At times I wonder whether they considered me a human being or a lamb to sacrifice for their own good.

Zarbibi was sixteen years old, and four months pregnant, when she murdered her husband by trying to decapitate him with a kitchen knife. On the day of the murder, she offered to give her husband a massage, binding his hands and feet to the bed before taking his life. “The next morning, even though I was at the police station, I felt happy that he didn’t live in the world anymore,” Zarbibi writes in the account that follows. “Free from him now for the first time, I felt as light as a balloon that could just fly away.”

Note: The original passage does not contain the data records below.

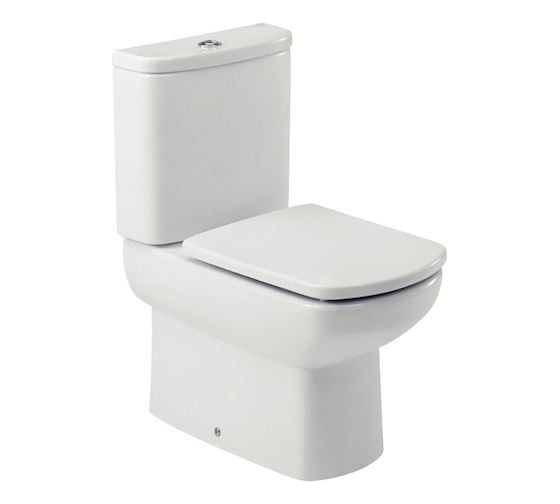 Изображение товара Чаша напольная, двойн.выпуск, уст.компл., 600 мм Roca DAMA SENSO COMPACTO 00008277 7342518000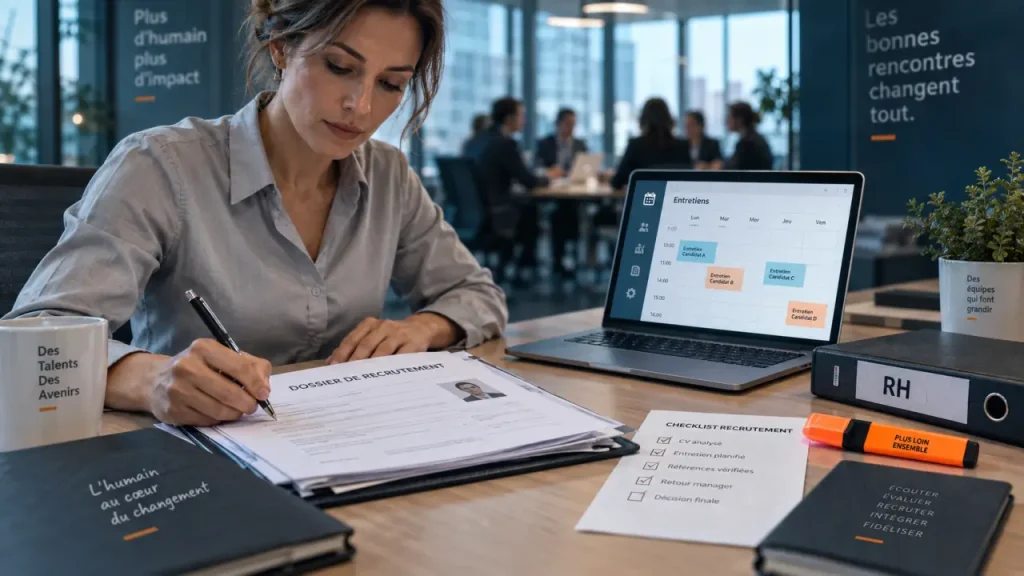 Le management RH relie stratégie, compétences et conditions de travail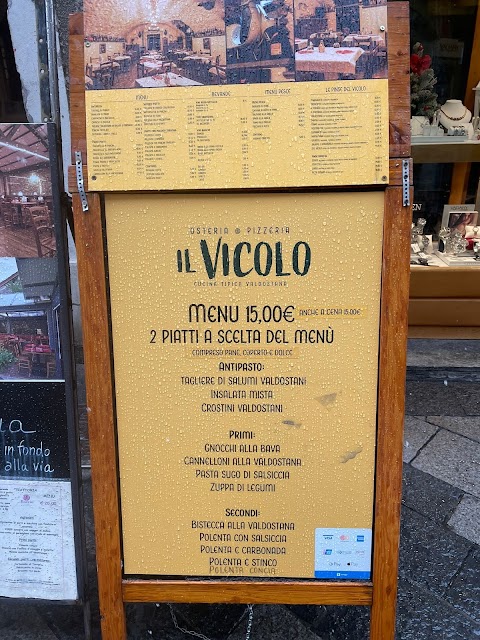 Il Vicolo - Osteria Tipica Valdostana e Pizzeria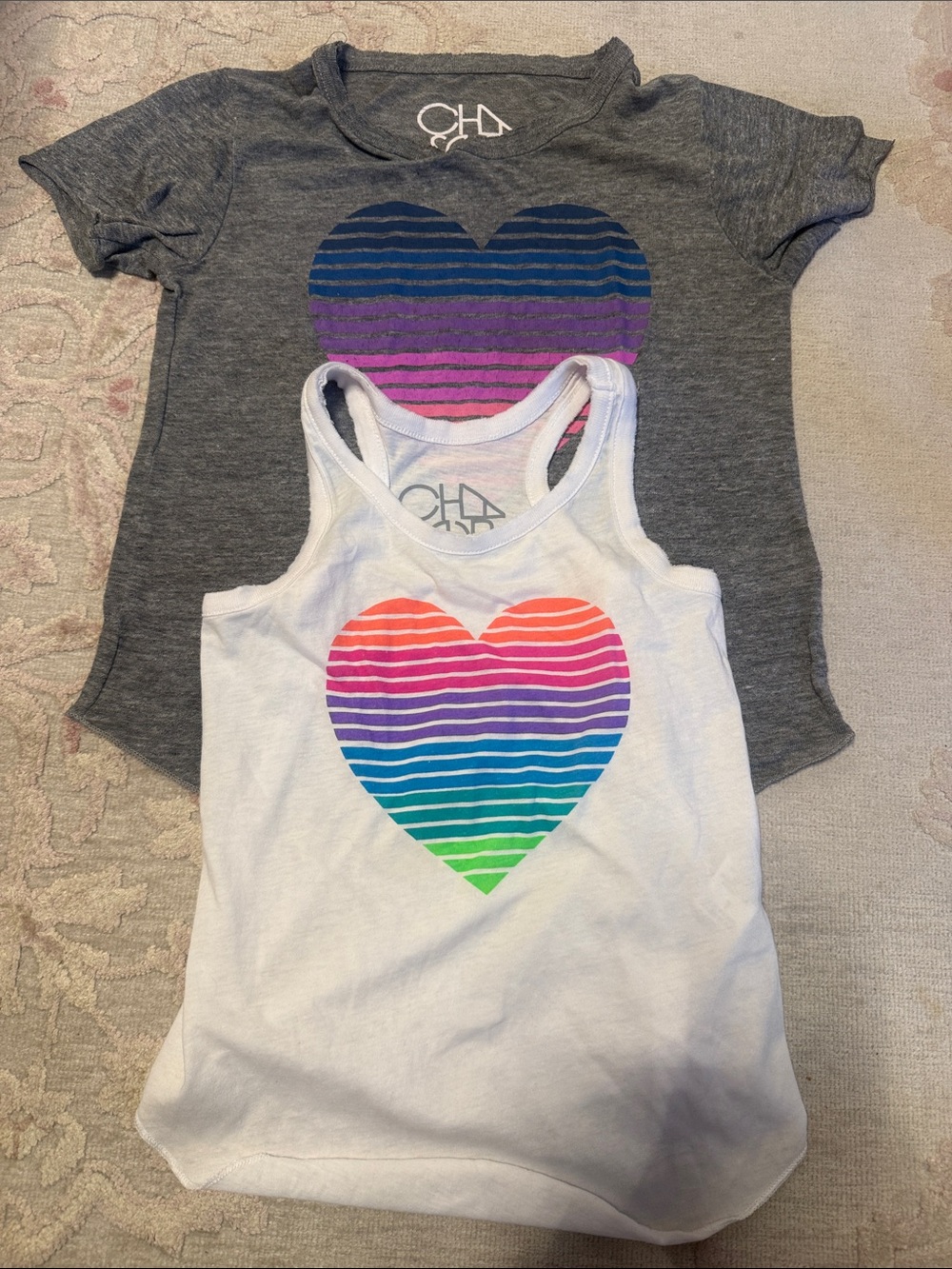 Girls chaser tops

Though her crime was sensational, Zarbibi’s life was otherwise in keeping with the norms of her Afghan community in Iran, says her lawyer, human rights attorney Hossein Raeesi. In Iran, increasing access to education has made child marriage less common. However, many Afghan migrants, excluded from Iranian citizenship and economic opportunity, continue the practice of marrying off their young daughters for the financial reward it brings—typically, the equivalent of four to five thousand dollars. As Zarbibi describes, her family supported her educational pursuits until both her father and brother—the family’s sole breadwinners—became unable to work. “Because we no longer had men to make money I had to get engaged to a guy I had never met before.” At the age of thirteen she was legally committed to a man of twenty-five, and at fifteen she was formally married, and forced to quit her family home and her studies. “With my first steps into my new house I felt like I had walked into my own grave,” she writes.

My little sister Havva was the first one of us girls to become a mother, though she still didn’t look like one. A child herself, only eleven years old, she had been married off to a man fifteen years older than her and from a much different world. Though very young, I knew about the pain my little sister endured, both physically and mentally. When she used to cry to come home, my father would bribe her with popcorn and cookies to stay with her husband. How could he do that? I swear to God I wouldn’t even give away a single strand of my own precious daughter’s hair against her will.

After poor Havva it was my sister Negar’s turn to marry. Negar was the third child in my family, the youngest. Since she married the brother of Havva’s husband, they both became sisters-in-law as well as actual sisters. Why is my family cursed in this way? My mother thought that she could “save” her daughters from loneliness by marrying them off at such a young age. She had no idea how bad this other life could be.

It killed me to see both of my sisters suffering. The thought that I might have to endure the same fate became my worst nightmare, something that terrified me since I was a very small girl. For me, the word “husband” meant “monster.” My heart broke when Negar moved out of our childhood home, and her heart broke too. She had been so attached to our family that she became severely depressed when living with her new husband. Her depression got even worse when she became pregnant with twins. One day we were playing together and all of a sudden she started screaming and shrieking and pulling out her hair. It scared me so much I almost peed myself. Unfortunately (or maybe fortunately?) her babies died in labor. At least she was lucky enough to endure the pain of childbirth at the age of fourteen or fifteen, a few years later than Havva.